Por que o Fed precisa cortar os juros drasticamente?
Stephen Miran é categórico ao afirmar que a política monetária norte-americana está “segurando a economia”. Segundo ele, a taxa de juros precisa ser reduzida em mais de 1% neste ano para evitar que o ímpeto econômico seja contido. A preocupação central é que a rigidez atual das condições financeiras possa impedir a expansão e a criação de empregos.
A visão do diretor sugere que o Fed está correndo o risco de ser excessivamente conservador, o que poderia levar a uma desaceleração desnecessária. Ele aguarda ansiosamente os próximos dados econômicos, esperando que eles validem sua análise de que cortes nas taxas de juros são a medida mais apropriada para o momento.

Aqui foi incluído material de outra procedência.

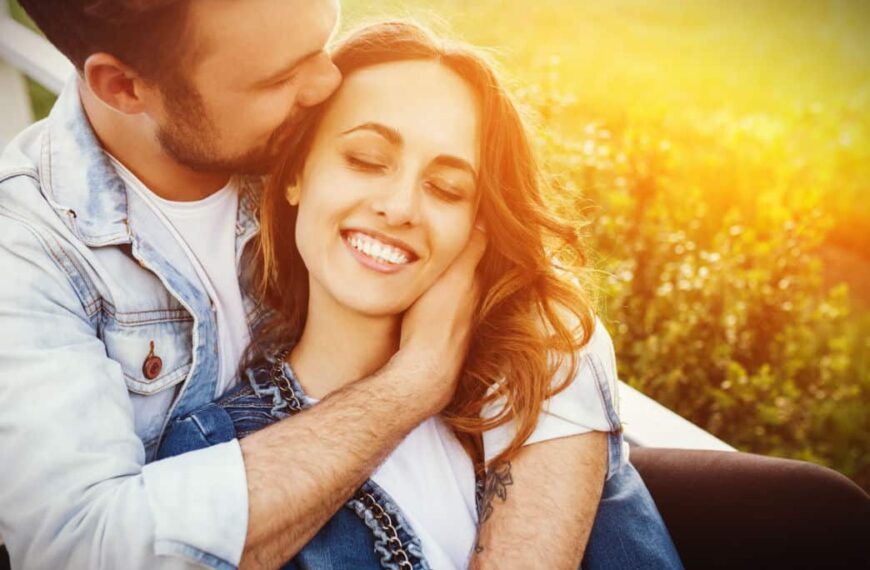 Couple embracing representing How to Feel More Secure in Your Relationship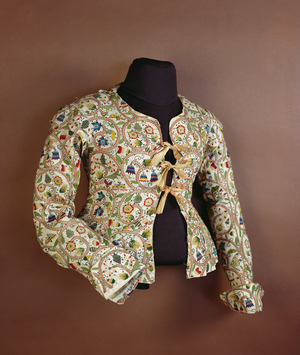 Women’s embroidered jacket, known in the 17th century as a waistcoat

Inflação sob controle, apesar das aparências
Um dos pontos cruciais na argumentação de Miran é sua leitura sobre a inflação. Ele acredita que a inflação subjacente já está próxima do objetivo do Federal Reserve. A percepção de que a inflação ainda está acima da meta de 2% seria, em grande parte, resultado de distorções pontuais no mercado.
Especificamente, Miran destacou que “peculiaridades na inflação de habitação estão impulsionando o excesso em relação à meta”. Isso significa que, ao desconsiderar esses fatores específicos, a pressão inflacionária real estaria mais alinhada com as metas do banco central. Além disso, o diretor avaliou que o ambiente fiscal deve contribuir positivamente para a atividade econômica ao longo do ano.
O futuro da liderança do Federal Reserve
Durante a entrevista, Miran também foi questionado sobre a sucessão na presidência do Fed. Ele esclareceu que não teve contato com o presidente americano sobre o assunto. “Não falei com Donald Trump sobre me tornar presidente do Fed”, afirmou.
Ainda assim, o diretor fez questão de ressaltar que “todos os nomes na lista curta para o cargo são plausíveis”. O mandato do atual chefe da autoridade monetária do país, Jerome Powell, está previsto para terminar em maio. No fim do ano passado, o ex-presidente Donald Trump garantiu que anunciaria um indicado ao cargo ainda no começo de 2026, uma data que gera expectativas sobre a futura direção do Federal Reserve.